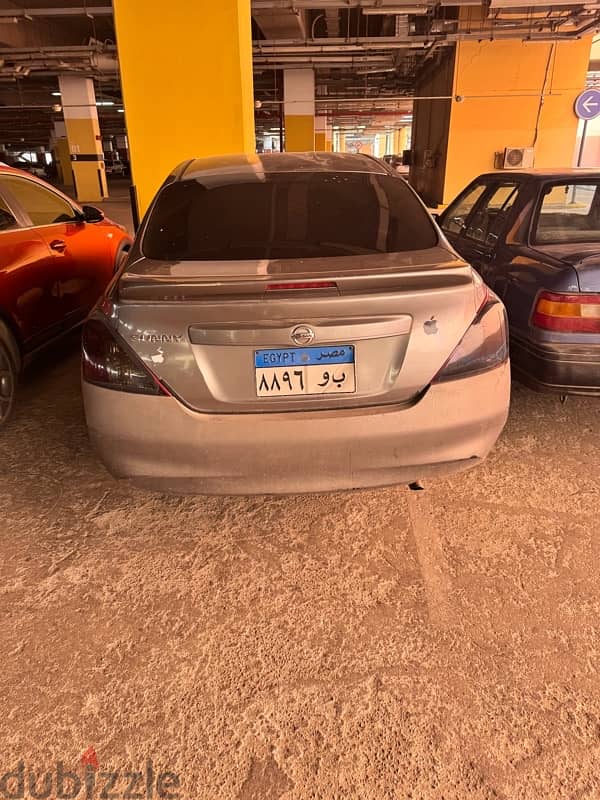 Nissan Sunny 2013 0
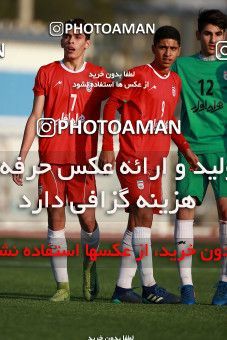 1363893, Tehran, , Iran U-17 National Football Team  on 2019/02/05 at Iran National Football Center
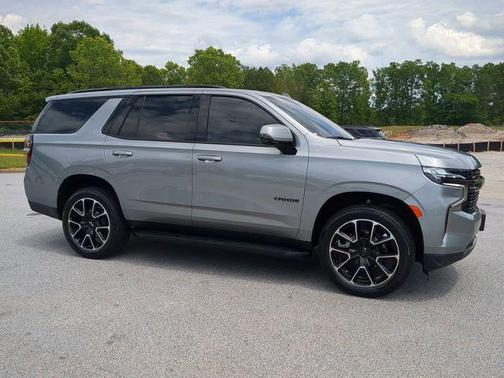 2024 Chevrolet Tahoe 2WD RST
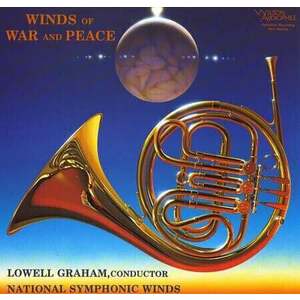 Lowell Graham - Winds Of War and Peace (Vinyl LP) imagine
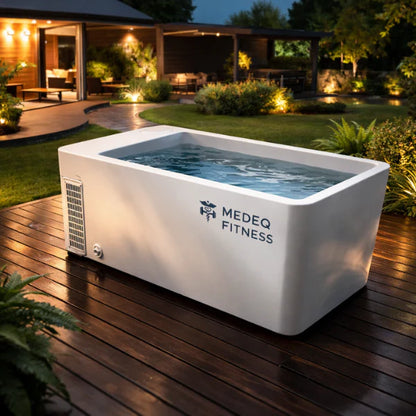MedEq Fitness Plunge Pool (Acrylic)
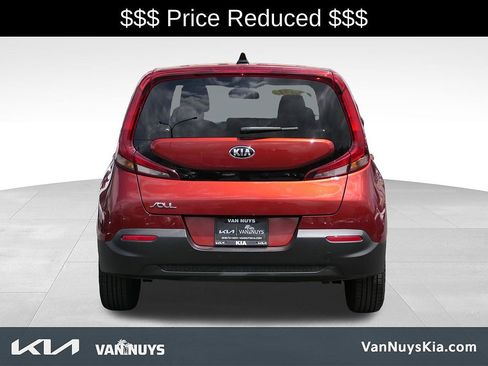 Used 2021 Kia Soul LX FWD image 33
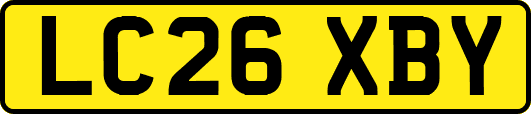 LC26XBY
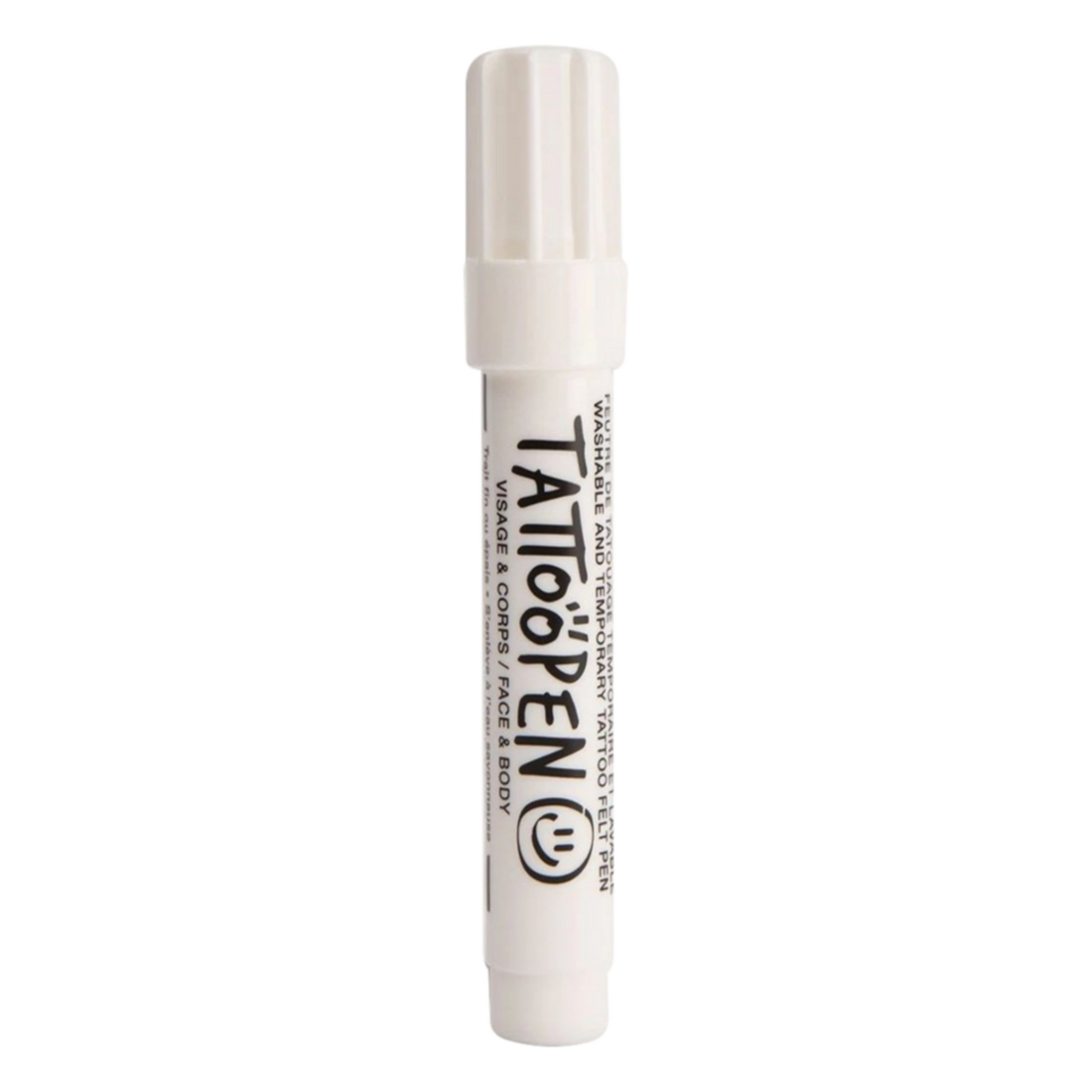 Tattoopen - White
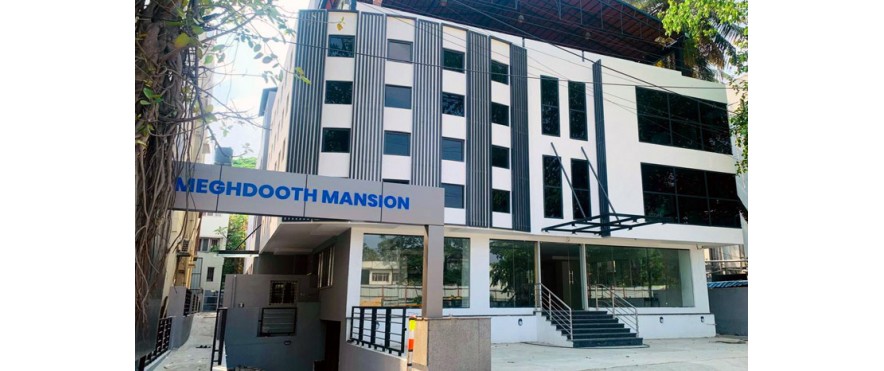 Meghdoot Mansion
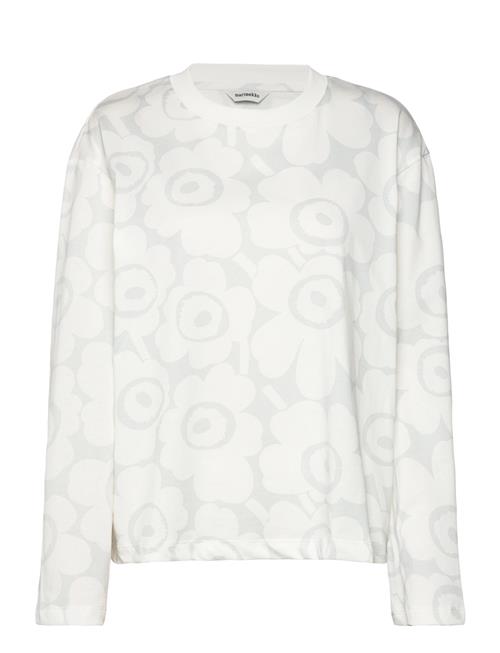 Marimekko | Valkea Unikko | L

-------------------------

▶ [What is expected]
Copy the listing exactly. No images belong in the copy.

▶ [Response to this exercise]
 Nissan Sunny 2013 0
 1363893, Tehran, , Iran U-17 National Football Team  on 2019/02/05 at Iran National Football Center
 2024 Chevrolet Tahoe 2WD RST
 Lowell Graham - Winds Of War and Peace (Vinyl LP) imagine
MedEq Fitness Plunge Pool (Acrylic)
 Used 2021 Kia Soul LX FWD image 33
 LC26XBY
 Tattoopen - White
 Meghdoot Mansion
 Marimekko | Valkea Unikko | L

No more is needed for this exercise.